Thompson and Harri Hursti, a Finnish computer scientist, were able to change votes on the Diebold machine without leaving a trace. Hursti conducted the same test for the California secretary of state's office Tuesday. The office did not return several calls for comment.

Information about the vulnerability comes as states face deadlines to qualify for federal funding to replace punch-card and lever machines with new touch-screen or optical-scan machines. In order to get funding, states must have new machines in place by their first federal election after Jan. 1, 2006.

Optical-scan machines have become the preferred choice of many election officials due to the controversy over touch-screen voting machines, many of which do not produce a paper trail. Optical-scan machines use a paper ballot on which voters mark selections with a pen before officials scan them into a machine. The paper serves as a backup if the machine fails or officials need to recount votes.

The hack Thompson and Hursti performed involves a memory card that's inserted in the Diebold machines to record votes as officials scan ballots. According to Thompson, data on the cards isn't encrypted or secured with passwords. Anyone with programming skills and access to the cards -- such as a county elections technical administrator, a savvy poll worker or a voting company employee -- can alter the data using a laptop and card reader.

To test the machines, Thompson and Hursti conducted a mock election on systems loaded with a rigged memory card. The election consisted of eight ballots asking voters to decide, yes or no, if the Diebold optical-scan machine could be hacked.

Six people voted "no" and two voted "yes." But after scanning the ballots, the total showed one "no" vote and seven "yes" votes.

Diebold did not return several calls for comment.

Thompson said in a real race between candidates someone could pre-load 50 votes for Candidate A and minus 50 votes for Candidate B, for example. Candidate B would need to receive 100 votes before equaling Candidate A's level at the start of the race. The total number of votes on the machine would equal the number of voters, so election officials wouldn't become suspicious.

"It's self-destroying evidence," he said. "Once ... the machine gets past zero and starts counting forward for Candidate B, there's no record that at one point there were negative votes for Candidate B."

Thompson said a second vulnerability in the cards makes it easy to program the voting machine so that it thinks the card is blank at the start of the race.

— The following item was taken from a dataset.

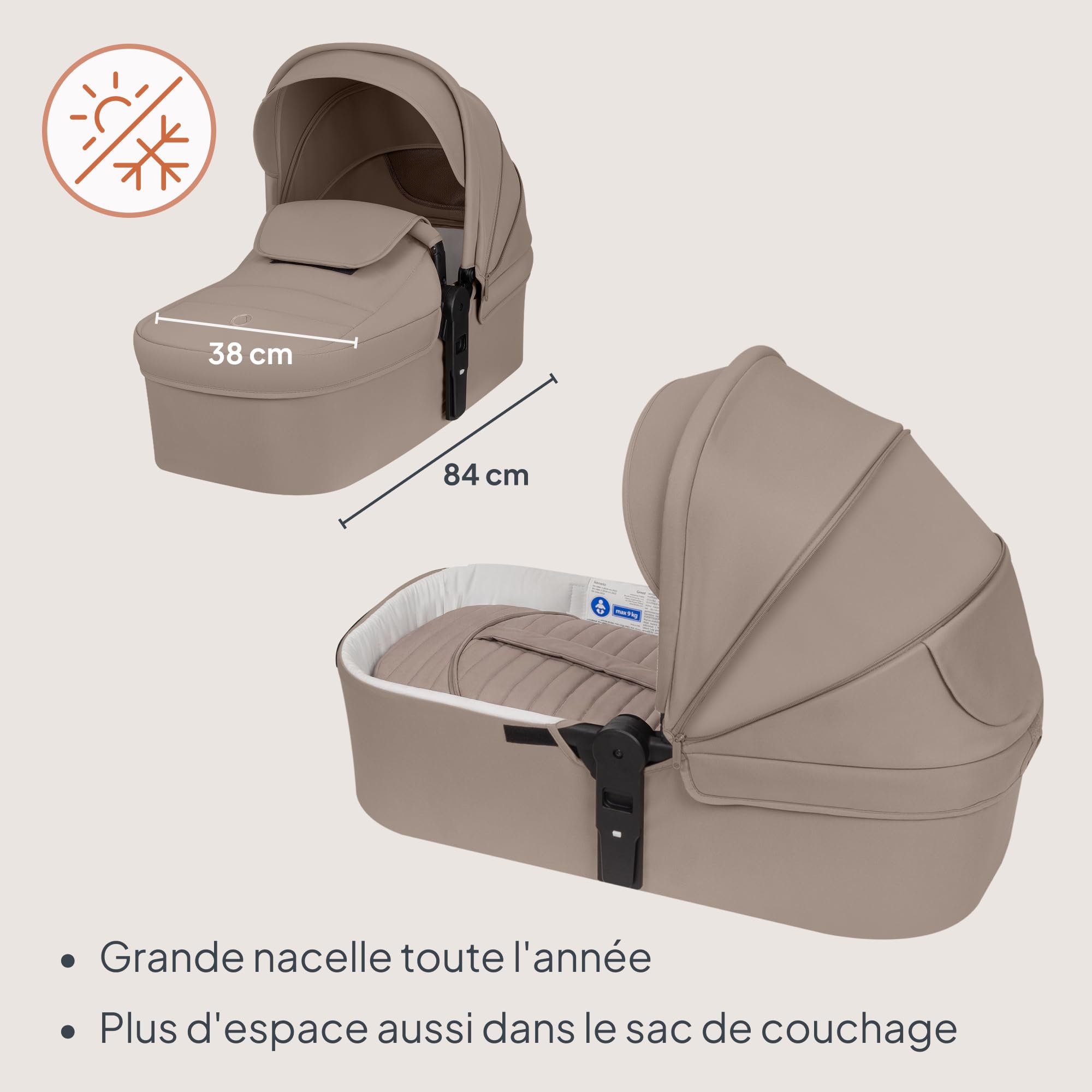 lionelo-greet-poussette-3-en-1-beige-nacelle-si-ge-auto image 2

This is important because before voting begins on Election Day, poll workers print a report of vote totals from each machine to show voters that the machines contain no votes.

"The logic to print that zero report is contained on the memory card itself," Thompson said. "So all you do is alter that code ... to always print out a zero report (in the morning)."

David Jefferson, a computer scientist at Lawrence Livermore National Laboratory and chair of California's Voting Systems Technical Assessment and Advisory Board, said that programming software on a removable memory card raises grave concerns.

"The instant anyone with security sensibility hears this, red flags and clanging alarms happen," Jefferson said. "Because this software that is inserted from the memory module is not part of the code base that goes through the qualification process, so it's code that escapes federal scrutiny."

The vote manipulation could conceivably be caught in states where election laws require officials to conduct a 1 percent manual recount to compare digital votes against paper ballots. Parallel monitoring, in which officials pull out random machines for testing on Election Day, might also catch vote manipulation.

But Thompson says machines could be programmed to recognize when they're being tested so as not to change votes during that time. And a manual recount that only examines 1 percent of machines might not be broad enough.

"The question is, if you have altered a memory card in just one of the polling places or even just on one machine, what are the chances that the machine would fall under that 1 percent?" Thompson said. "That's kind of scary."